The annual U.S. military budget is about $700 billion. Suppose that President Trump and his allies in Congress, inspired by Williams' article, decided to divert 2% of U.S military spending toward identifying our society's moral wrongdoing, with half of that 2% going to ethicists and the other half to other relevant disciplines. Assuming that the annual cost of employing a philosopher is $150,000 (about half salary, about half benefits and indirect costs), the resulting $7 billion could hire about 50,000 ethicists.
[With 50,000 more ethicists, these empty chairs could be filled!]
Two percent of the military budget seems like a small expenditure to substantially reduce the risk that we unwittingly perpetrate the moral equivalent of institutionalized slavery or the Holocaust, don't you think? A B2 bomber costs about $1-$2 billion. The U.S. government might want to consider a few bomber-for-philosopher swaps.
I write this partly in jest of course, but also partly seriously.
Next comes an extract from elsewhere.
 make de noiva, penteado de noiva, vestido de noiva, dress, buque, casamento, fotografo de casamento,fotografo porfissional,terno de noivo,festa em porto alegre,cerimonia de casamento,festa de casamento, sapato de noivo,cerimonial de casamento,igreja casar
If society invested more in moral philosophy -- and it needn't be a whole lot more, compared to the size of military budgets -- and if society took the results of that investment seriously, giving its philosophers prestige, attention, and policy influence, we might be morally far better off as a people.
We might. But I also think about the ancient Athenians, the ancient Chinese, and the early 20th-century Germans. Despite the flourishing of philosophy in these times and places, the cultures did not appear to avoid moral catastrophe: The ancient Athenians were slave-owners who engaged in military conquest and genocide (perhaps even more than their neighbors, if we're grading on a curve), the flourishing of philosophy in ancient China coincided with the moral catastrophe of the period of the Warring States, and the Germans perpetrated the Holocaust and helped initiate World War II (with some of the greatest philosophers, including Heidegger and Frege, on the nationalistic, anti-Semitic, political right).
Now maybe these societies would have produced even worse moral catastrophes if philosophers had not also been flourishing in them, but I see no particular reason to think so. If there's a correlation between the flourishing of philosophy and the perpetration of social evil, the relationship appears to be, if anything, positive. This observation fits with my general concerns about the not-very-moral behavior of professional ethicists and philosophers' apparent skill at post-hoc rationalization.
I'm not sure how skeptical to be. I hesitate to suggest that a massive infusion of social capital into philosophical ethics couldn't have a large positive impact on the moral choices we as a society make. It might be truly awesome and transformative, if done in the right way. But what would be the right way?